My Food Plan

Welcome to my site and a peek into a big part my life… wellness! The above picture I am with  my friend, mentor, and health practitioner Cyndi. I find that success along my path of wellness requires a support team of kindred sprits and balance. Balance between the physical, emotional, and spiritual. Physical balance of being kind to myself yet setting achievable health goals. Physical balance is also between the food I put into my mouth and being active.  Emotional Balance of setting boundaries and exploring my feelings. Spiritual Balance of being of service to others and making time for my relationship with God and filling up my own cup.

When people have asked me what I did to loose my weight they want to know what I Physically did to achieve my goal. But my goal was achieved through more than the physical. It was also through finding a support group that allowed me to explore my emotional and spiritual balance. That allowed me to understand why I was stress eating and make a better choice by  improving my relationship with God. Most of us already know what we should be doing physically to create health. Some people I have met don’t want to do what it takes. Not ready to give up the food that comforts us. But I was ready!

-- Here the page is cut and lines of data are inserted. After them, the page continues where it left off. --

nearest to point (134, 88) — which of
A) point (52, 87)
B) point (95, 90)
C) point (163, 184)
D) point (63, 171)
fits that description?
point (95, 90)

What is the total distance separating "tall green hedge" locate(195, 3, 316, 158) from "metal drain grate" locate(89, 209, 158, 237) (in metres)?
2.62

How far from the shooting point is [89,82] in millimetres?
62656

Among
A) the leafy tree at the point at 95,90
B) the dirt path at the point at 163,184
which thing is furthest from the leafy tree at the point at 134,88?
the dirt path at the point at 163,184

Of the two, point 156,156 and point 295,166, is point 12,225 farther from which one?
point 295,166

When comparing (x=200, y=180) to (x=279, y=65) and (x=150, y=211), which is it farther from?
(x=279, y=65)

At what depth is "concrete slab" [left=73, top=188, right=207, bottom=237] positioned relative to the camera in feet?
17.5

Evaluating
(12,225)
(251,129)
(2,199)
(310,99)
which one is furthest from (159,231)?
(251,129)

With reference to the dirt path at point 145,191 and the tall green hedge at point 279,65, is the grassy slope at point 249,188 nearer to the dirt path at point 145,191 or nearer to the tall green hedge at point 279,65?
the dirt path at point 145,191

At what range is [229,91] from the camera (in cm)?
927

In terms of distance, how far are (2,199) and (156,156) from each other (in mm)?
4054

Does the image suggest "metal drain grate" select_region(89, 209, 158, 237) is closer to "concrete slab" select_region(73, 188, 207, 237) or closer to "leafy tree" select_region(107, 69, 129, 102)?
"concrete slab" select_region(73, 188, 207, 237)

I have spent 8 years exploring what balance works for me in my life. My physical balance is doing yoga, walking the dog, playing outdoors on the weekend, and eating a high raw diet.  So I invite you to play with that balance mean to you. Below is my “ideal food plan”. No my food doesn’t always look like that. Life sometimes gets in the way. But it’s the food plan that I feel at my best!

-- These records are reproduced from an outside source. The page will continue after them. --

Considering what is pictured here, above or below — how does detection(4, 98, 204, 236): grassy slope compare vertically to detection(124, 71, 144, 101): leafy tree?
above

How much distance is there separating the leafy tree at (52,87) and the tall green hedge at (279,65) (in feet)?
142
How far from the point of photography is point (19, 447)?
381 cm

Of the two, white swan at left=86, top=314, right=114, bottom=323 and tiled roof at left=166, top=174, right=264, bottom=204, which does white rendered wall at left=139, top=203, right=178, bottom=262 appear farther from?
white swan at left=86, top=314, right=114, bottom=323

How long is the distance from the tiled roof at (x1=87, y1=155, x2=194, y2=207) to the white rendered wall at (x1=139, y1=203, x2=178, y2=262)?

My food plan is vegetarian & 75% raw. I also avoid gluten, dairy, and refined sugars which are my trigger foods. A trigger food is a food that cause artificial hunger. I don’t always eat this way. I’ve found that being kind to myself and happy with the choices I am making are just as important with what I am actually putting in my mouth as long as I avoid my trigger foods. Plus sprouts are great… eat sprouts!

Pre- Breakfast:

Raw Breakfast:

  • Fruit
  • Raw Granola with almond milk
  • Raw Coconut Yogurt with fruit or granola
  • Vitamineral green smoothie (4 times a week)
  • Raw Crepes
  • Raw Chia Pudding

Raw Lunch:

  • Raw Zucchini or kelp noodles
  • Nori or Spring Rolls
  • Salad
  • Raw Sandwich
  • Chipotle Salad

Raw Snack: 

Dinner:

  • A cooked meal that includes a starch , vegetables, and protein.